I’m not giving the Claimant permission to appeal
[11] I can give the Claimant permission to appeal if the application raises an arguable case that the General Division:
- didn’t follow a fair process;
- acted beyond its powers or refused to exercise those powers;
- made an error of law;
- made an error of fact; or
- made an error applying the law to the facts.Footnote 1
[12] I can also give the Claimant permission to appeal if the application sets out evidence that wasn’t presented to the General Division.Footnote 2
[13] Since the Claimant hasn’t raised an arguable case and hasn’t set out new evidence, I must refuse permission to appeal.
There’s no arguable case that the General Division made an error of law by failing to accept the Claimant’s late appeal.
[14] The Claimant argues that the one-year deadline is a guideline rather than a law that must be followed without exception. He notes that decisions about the GIS are made by this Tribunal, rather than a court, and that people have a right to missing benefits.Footnote 3
The law doesn’t give the Tribunal the ability to extend the deadline.

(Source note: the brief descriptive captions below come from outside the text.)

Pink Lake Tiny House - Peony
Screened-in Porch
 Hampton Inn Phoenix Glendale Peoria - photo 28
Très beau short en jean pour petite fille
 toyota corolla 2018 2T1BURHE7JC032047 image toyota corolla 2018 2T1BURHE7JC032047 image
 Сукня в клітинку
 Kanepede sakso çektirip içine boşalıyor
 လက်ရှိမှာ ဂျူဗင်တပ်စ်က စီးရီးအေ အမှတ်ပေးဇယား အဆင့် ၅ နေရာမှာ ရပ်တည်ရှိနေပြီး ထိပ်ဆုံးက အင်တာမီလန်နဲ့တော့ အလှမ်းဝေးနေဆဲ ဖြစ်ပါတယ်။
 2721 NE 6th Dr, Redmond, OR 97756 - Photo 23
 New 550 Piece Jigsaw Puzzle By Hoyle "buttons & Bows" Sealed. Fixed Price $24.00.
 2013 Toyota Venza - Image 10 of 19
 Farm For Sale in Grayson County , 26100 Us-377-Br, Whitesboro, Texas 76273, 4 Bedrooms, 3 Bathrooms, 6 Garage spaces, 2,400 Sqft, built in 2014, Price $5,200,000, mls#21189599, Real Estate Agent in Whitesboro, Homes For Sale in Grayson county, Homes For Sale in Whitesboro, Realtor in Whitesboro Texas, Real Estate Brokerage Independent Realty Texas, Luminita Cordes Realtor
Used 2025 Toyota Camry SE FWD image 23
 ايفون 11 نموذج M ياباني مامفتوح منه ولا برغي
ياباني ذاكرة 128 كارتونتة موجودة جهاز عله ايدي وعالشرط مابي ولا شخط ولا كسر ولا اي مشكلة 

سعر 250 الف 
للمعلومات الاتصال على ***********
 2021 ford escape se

[15] The General Division must apply the law, the law states that in no case can a claimant appeal to the General Division more than a year after the Minister communicated the reconsideration decision.Footnote 4
[16] The General Division explained that if a claimant disagrees with the Minister’s reconsideration decision, they have to appeal to the Tribunal within 90 days after the Minister told them about the decision. If a claimant appeals after the 90-day deadline, the Tribunal can give them more time (accept the late appeal). But according to the law, in no case can a claimant appeal a reconsideration decision more than one year after the Minister told them about it.Footnote 5
[17] The Claimant isn’t challenging the fact that he filed the appeal at the General Division more than a year after the Minister communicated its reconsideration decision. The General Division explained that it doesn’t have the authority to decide to ignore what the law says and focus on what might lead to a more fair or just outcome given the situation. The General Division has to follow the law as it’s written.Footnote 6
[18] There’s no arguable case that the General Division made an error of law by treating the one-year deadline as law that it was required to apply rather than a guideline. I see no possible error in the General Division’s reading of its inability to grant an extension to the Claimant.
There’s no new evidence.
[19] The Claimant hasn’t provided any evidence that wasn’t already presented to the General Division. Accordingly, new evidence also cannot form the basis for permission to appeal.
[20] I’ve reviewed the record.Footnote 7 I’m satisfied that the General Division didn’t overlook or misunderstand any important evidence that could change the outcome for the Claimant. The Claimant doesn’t dispute that he applied more than a year after the Minister communicated the reconsideration decision. He argues only that the General Division should have given him more time. The General Division explained that the law doesn’t allow an extension in any case when a claimant files this late. I see no possible error in the General Division’s approach here.
Conclusion
[21] I’ve refused to give the Claimant permission to appeal. This means that the appeal will not proceed.